ОТСТАВКА

«Высочайшим повелением увольняется от службы за раной адъютант корпусного командира IV резервного кавалерийского корпуса, генерал-лейтенанта Бороздина 1-го, лейб-гвардии конно-егерского полка капитан Алябьев подполковником с мундиром и пенсионом полного жалованья»,— так гласил царский приказ от 14 ноября 1823 года.

Алябьев узнал об этом случайно, прочитав публикацию в газете «Русский инвалид, или Военные ведомости» от 23 ноября 1823 года.

Какие же обстоятельства связаны с этим, далеко не маловажным фактом биографии композитора?

Приказ об увольнении состоялся во время длительного отпуска, который Алябьев проводил в своем имении, в селе Никольском. Мотив увольнения — «за раной» — явно надуман: ранен был Алябьев в дрезденском сражении десять лет назад и на последствия ранения не жаловался.

К мысли об оставлении военной службы Алябьев, очевидно, обращался, побуждаемый к тому не только стремлением всецело посвятить себя творчеству, но и разделяя настроения передового русского офицерства, задыхавшегося в атмосфере аракчеевского режима.

Своеобразной формой протеста и одновременно поводом к увольнению были, например, демонстративные появления офицеров в «присутственных» местах в гражданском платье, что считалось грубейшим нарушением воинского устава, тем более для офицеров гвардии.

Именно за такой проступок — появление в театре во фраке — Алябьев подвергся ни более ни менее как месячному содержанию под стражей в Петропавловской крепости.

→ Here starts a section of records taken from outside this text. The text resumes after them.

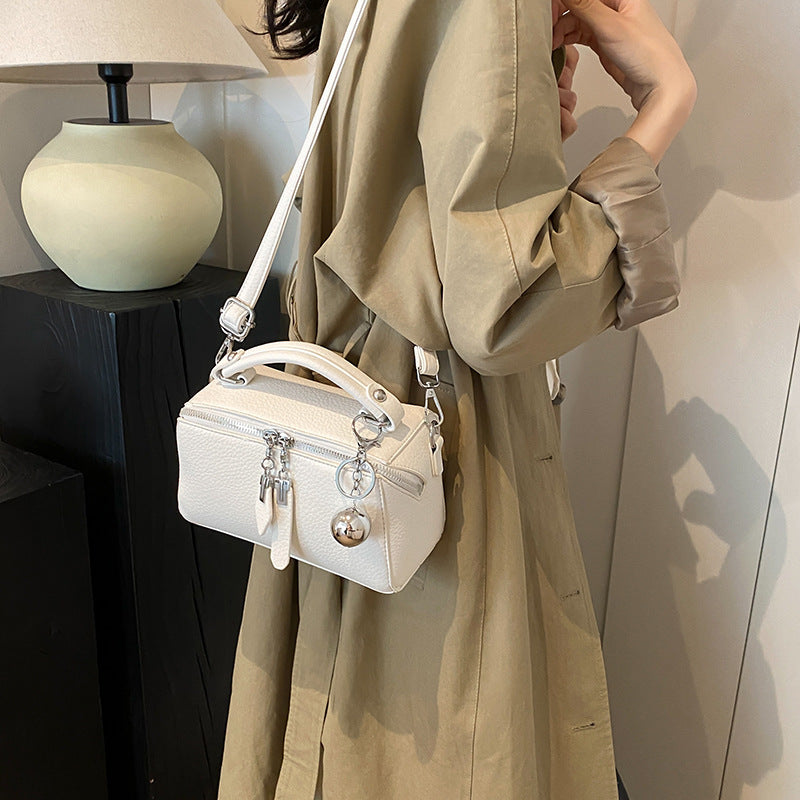 Boston Top-Handle Bag for Women - Zip Satchel with Detachable Crossbody Strap - White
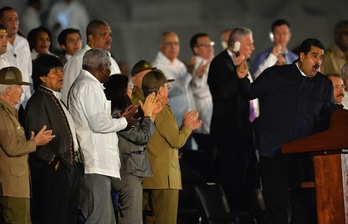 Nicolás Maduro, presidente venezolano, durante la despedida a Fidel Castro en La Habana. (Pedro PARDO / AFP)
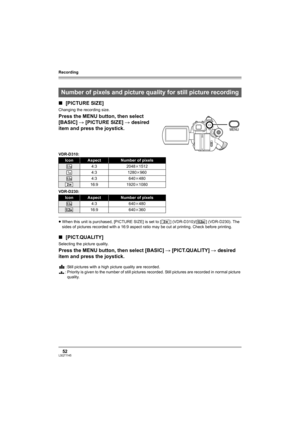 Page 52Recording
52LSQT1145
∫[PICTURE SIZE]
Changing the recording size.
Press the MENU button, then select 
[BASIC] # [PICTURE SIZE] # desired 
item and press the joystick.
VDR-D310:
VDR-D230:
≥When this unit is purchased, [PICTURE SIZE] is set to [ ] (VDR-D310)/[ ] (VDR-D230). The 
sides of pictures recorded with a 16:9 aspect ratio may be cut at printing. Check before printing.
∫[PICT.QUALITY]
Selecting the picture quality.
Press the MENU button, then select [BASIC] # [PICT.QUALITY] # desired 
item and press...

Но это было в 1822 году, за год с лишним до отставки.

Стоит вспомнить в этой связи и любопытный инцидент, происшедший в театре, когда Алябьев и Грибоедов навлекли на себя недовольство московского полицмейстера Ровинского. В антракте состоялся следующий курьезный диалог между полицмейстером, сопровождаемым квартальным, и приятелями — театральными завсегдатаями.

Полицмейстер обратился к Грибоедову:

— Как ваша фамилия?

— А вам на что?

— Мне нужно знать.

— Я Грибоедов.

— Кузьмин, запиши! — приказывает полицмейстер квартальному. Тут же Грибоедов обращается к полицмейстеру:

— Ну, а ваша как фамилия?

— Это что за вопрос?

— Я хочу знать, кто вы такой.

— Я полицмейстер Ровинский!

— Алябьев, запиши! — «приказал» Грибоедов своему приятелю.

Мог ли тогда предположить Алябьев, что в сравнительно непродолжительном времени ему придется снова столкнуться с Ровинским при других, столь драматических для композитора обстоятельствах...

Возвращаясь к отставке Алябьева, приведем любопытную подробность. Тем же приказом, что и Алябьев, был уволен с военной службы и поэт-партизан генерал Денис Давыдов. Грибоедов и Чаадаев ушли в отставку еще раньше.

В чем же истинная причина подобного завершения военной карьеры Алябьева? Не здесь ли начинает наматываться клубок дальнейших жизненных перипетий композитора, уже тогда, очевидно, впавшего в немилость?


С выходом в отставку Алябьев развивает активную творческую деятельность. В 1824 году с Верстовским и Шольцем пишет музыку для водевиля Писарева «Учитель и ученик, или В чужом пиру похмелье», за ним следует водевиль «Проситель» (в соавторстве с Виельгорским, Верстовским, Шольцем). В том же году создает оперу-водевиль «Хлопотун, или Дело мастера боится», а в начале 1825 года — «Встречу дилижансов». Музыку к этим водевилям Алябьев написал в соавторстве с Верстовским. В действие включены танцевальные номера, объединенные в сюиту из музыки бытующих танцев — вальсов, полонезов, мазурок, экосезов.

Широкое распространение получает и вокальная лирика Алябьева. Песни и романсы его все чаще издаются, притом в различных аранжировках: для фортепиано, гитары, для голоса в сопровождении хора и оркестра, для вокальных ансамблей и т. д.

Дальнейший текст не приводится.